= Multi-manager investment =

Investment product

A multi-manager fund is an investment product that consists of multiple specialized funds. Each specialized fund may invest across different sectors and markets, or in the same asset class but have different investment styles. For example, large cap value fund versus large cap growth fund.

Multi-manager funds are often custom tailored products offered by an asset manager, mostly by the asset or wealth management division of a large investment bank or private bank. They can consists of funds from outside asset managers, like a hedge fund, but mostly consist solely from funds managed by the multi-manager fund marketer itself.

They differ from funds-of-funds in that they do not raise capital from multiple investors as they are custom tailored. But the term Multi-manager fund is often also associated with funds where assets are commingled from multiple investors when multi-manager funds are marketed and thus can represent a fund-of-funds.
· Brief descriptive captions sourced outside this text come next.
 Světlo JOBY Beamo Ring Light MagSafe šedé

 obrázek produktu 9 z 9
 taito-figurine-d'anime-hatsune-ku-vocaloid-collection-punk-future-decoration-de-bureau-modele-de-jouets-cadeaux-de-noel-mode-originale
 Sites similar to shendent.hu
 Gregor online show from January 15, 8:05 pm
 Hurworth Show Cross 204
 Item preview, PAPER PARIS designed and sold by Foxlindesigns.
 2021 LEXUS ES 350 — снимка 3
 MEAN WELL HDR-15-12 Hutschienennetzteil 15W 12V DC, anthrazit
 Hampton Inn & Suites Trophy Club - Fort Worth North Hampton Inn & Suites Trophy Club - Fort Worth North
Independent or more specialized asset managers like hedge fund firms or private equity firms may offer so-called separate managed accounts to a single investor who commits a large amount of capital and pursues a manager of managers approach. Such a private investment vehicles is not a fund, is not marketed and is not a multi-manager investment product. On the other hand, multi-manager funds are offered with much less capital need to invest. Multi-manager funds are therefore often part of the whole service catalog of a wealth management division of an investment bank or private bank.
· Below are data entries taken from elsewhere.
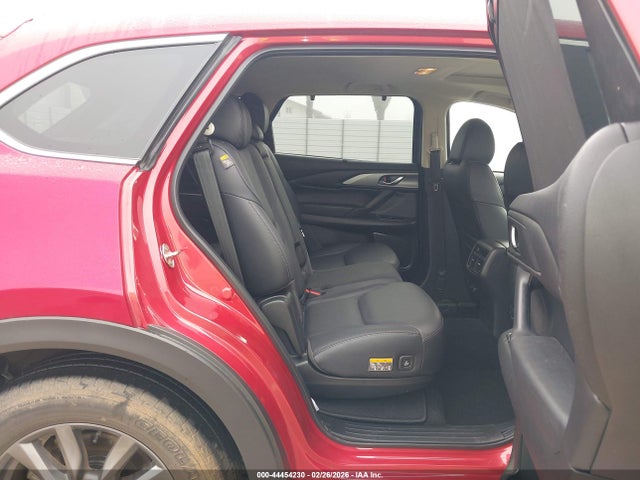 Aukcja sprzedaży 2021 Mazda Cx-9 Touring, vin: JM3TCBCY3M0540957, numer aukcji: 44454230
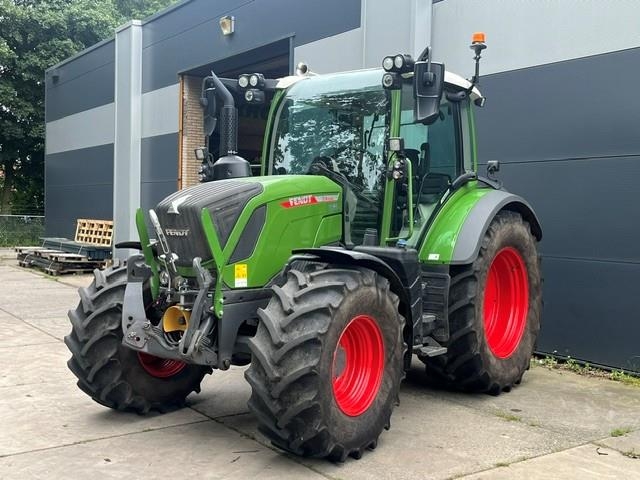 Fendt 314 Vario gen 4 Power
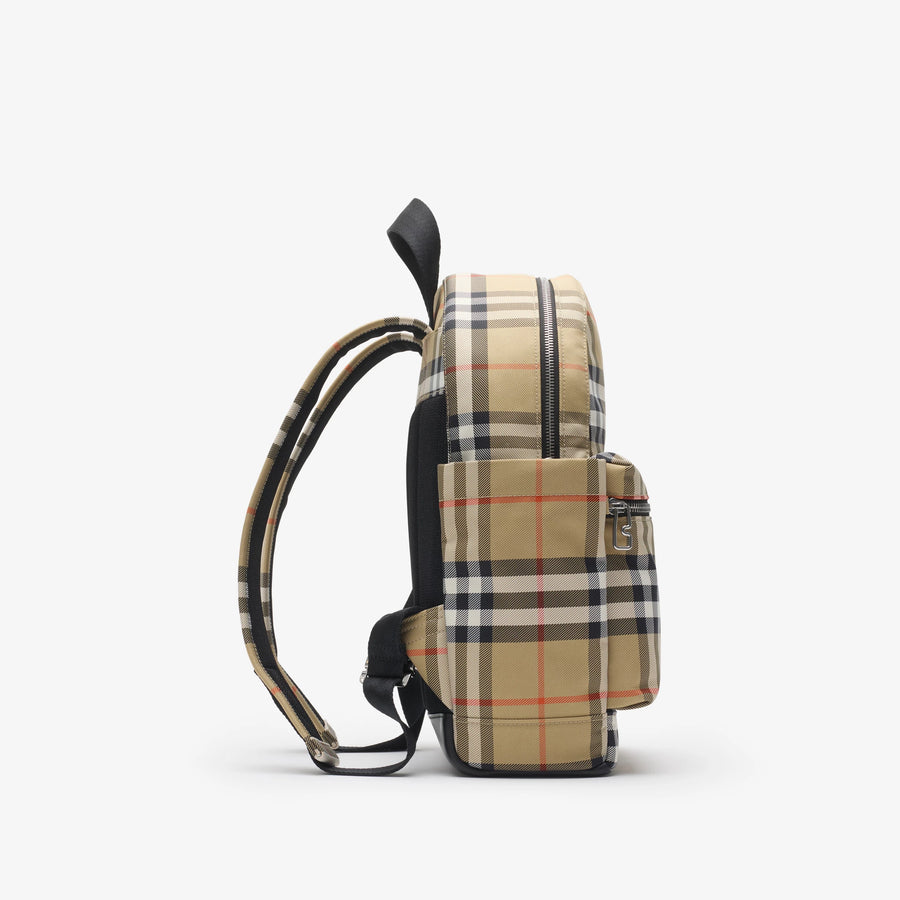 Burberry Huey Kinder Unisex Tas In Beige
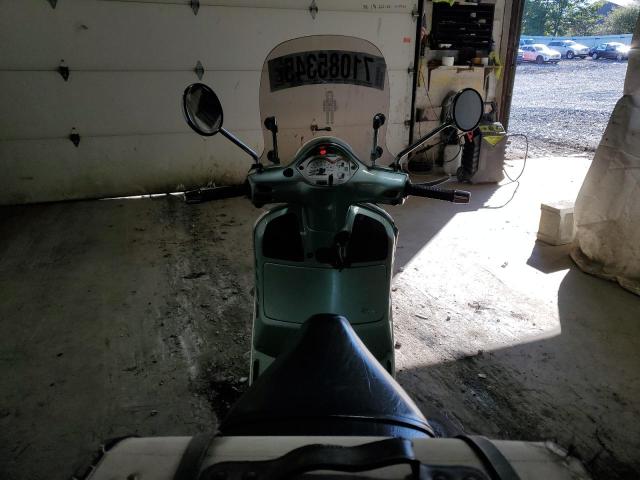 2005 VESPA GRANTURISMO 200 ZAPM319K155003968
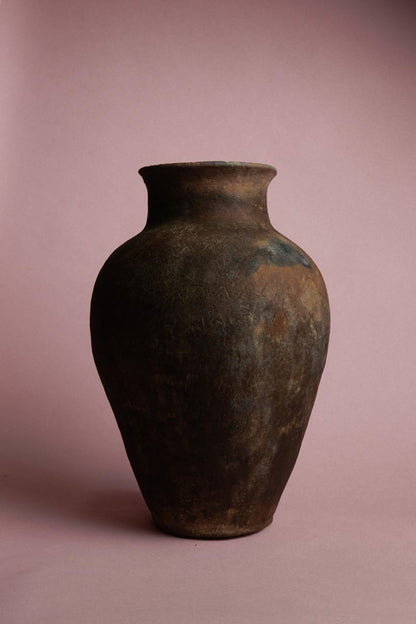 Earthen Cappadocia Pot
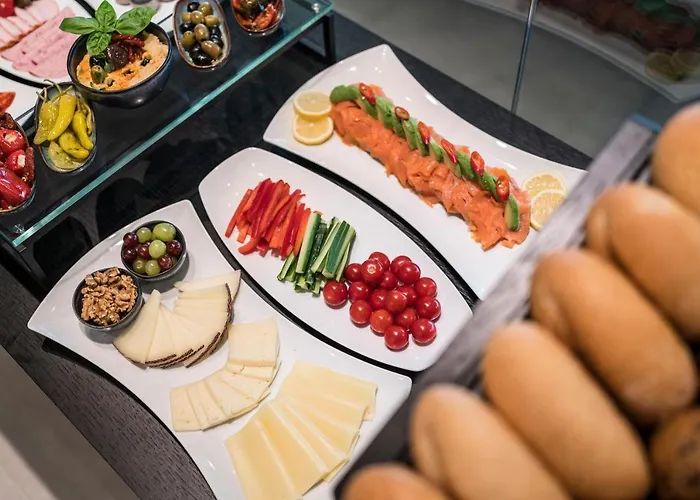 Melia Frankfurt Otel 4*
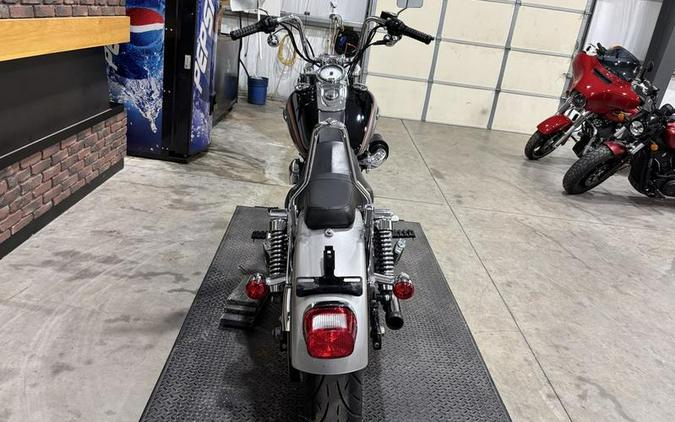 2009 Harley-Davidson® FXDC - Super Glide® Custom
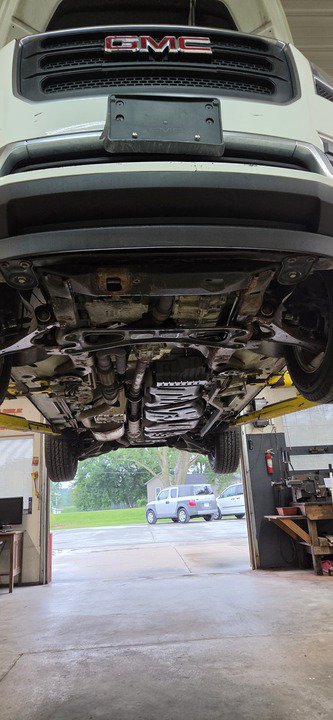 Used 2015 GMC Acadia SLE AWD/4WD image 42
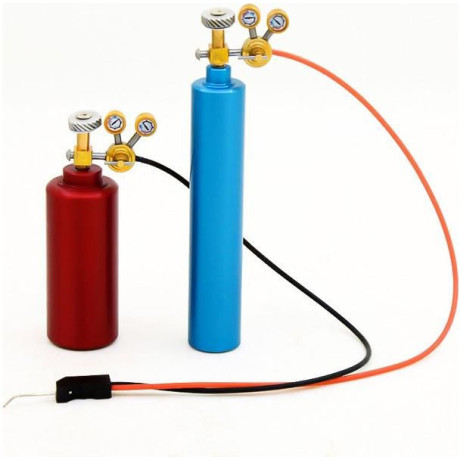 H-Speed NOS / O2 1:10 nyomáspalack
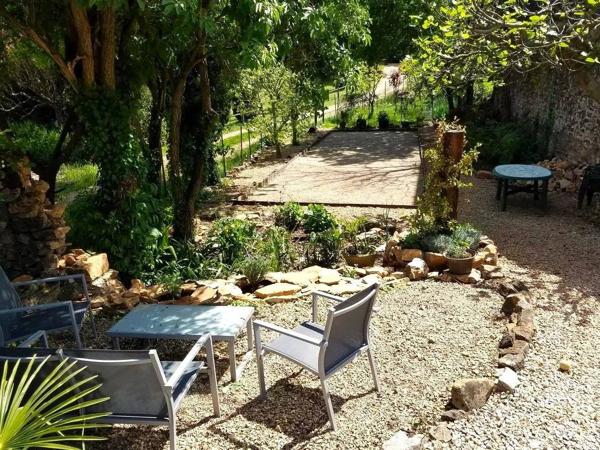 DEMEURE D'EXCEPTION – HAUT-LANGUEDOC – VUE PANORAMIQUE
The theory of multi-manager funds is founded on the premise that not all investment managers are good in all markets and that not all managers are successful at all times. Spreading the investment money across different asset classes or markets allows the investor to achieve the necessary diversification, reducing risk without sacrificing the return. However, as the main marketers and providers are large investment banks or private banks, sales staff or private client advisors may are subject to conflicts of interest as they are selling an investment product consisting of funds from their employer where bonuses are paid on the basis of underlying fund fee revenue and invested capital into the multi-manager fund. In addition, the multi-manager fund itself charges also fees.